Also: A large, gold-plated re-creation of President Lyndon B. Johnson’s balls (“Sculpture of President Lyndon B. Johnson’s scrotum, part of the season 12 segment on presidential libraries”), five wax Presidents of the United States, golden Adidas sneakers (“Gold sneakers John Oliver promised to wear in a season 2 episode of ‘Last Week Tonight with John Oliver’ if scandal-ridden FIFA President Sepp Blatter stepped down”).
Among other items: A trip to New York to meet Oliver; “a case of Cabernet SauvignJohn, a wine years in the making by ‘Last Week Tonight with John Oliver,’” and a chance to appear in a photo over Oliver’s shoulder during an episode — along with two VIP tickets to a live taping of the show.
Oliver’s “Community” colleague Joel McHale also appeared in the episode, which featured a flashback to when McHale hosted a pledge drive for Seattle’s PBS station in 1999 — and couldn’t stop talking about “Mr. Bean.” To commemorate that, McHale has signed a DVD set of “Mr. Bean” episodes, which is also being auctioned.
Oliver spent much of Sunday’s episode discussing public broadcasting’s predicament: “Public media has been truly innovative in reaching underserved audiences. It was public TV station that first invented closed captioning in the 1970s. Stations around the country offer programming in Haitian, Creole, Navajo, Vietnamese and many other languages. But as you undoubtedly know, it is now facing a serious threat, as over the summer, Congress decided to eliminate $1.1 billion that have been allocated to fund public broadcasting for the next two years.”

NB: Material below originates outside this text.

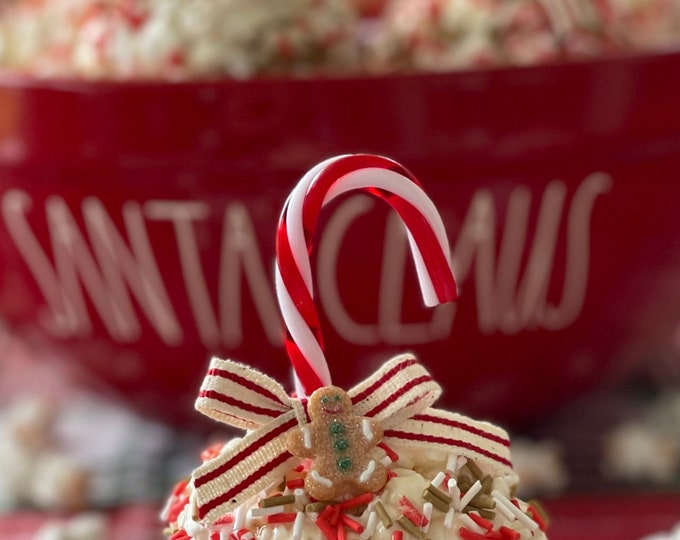 Fake Popcorn Ball Fake Christmas Candy Gingerbread Fake Etsy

Oliver took on how Republicans have attacked public media since almost the moment that President Johnson first signed the law putting the CPB into existence, and he explained how criticism of a “liberal bias” inside public media is really about something else: “there can be a good faith debate over bias in the media, liberal or otherwise, but I’ll point out that a lot of the time, what conservatives claim as ‘liberal bias’ is often just things like showing there’s a long history of racism in America, or that gay people exist — making it hard to interpret those criticisms as anything other than bigotry. And yet, arguments like those just got used to justify zeroing out the entire budget of the CPB.”
Oliver also noted the irony that by cutting budgets, local stations will now have to rely more on national content coming out of major markets like New York, instead of producing vital local community programming. “The irony is, the more local stations budgets are slashed, the more they may come to rely on programming produced in those urban echo chambers. As the executive director of a station in California said, the local stuff that’s so important to people is probably the stuff that will go away.”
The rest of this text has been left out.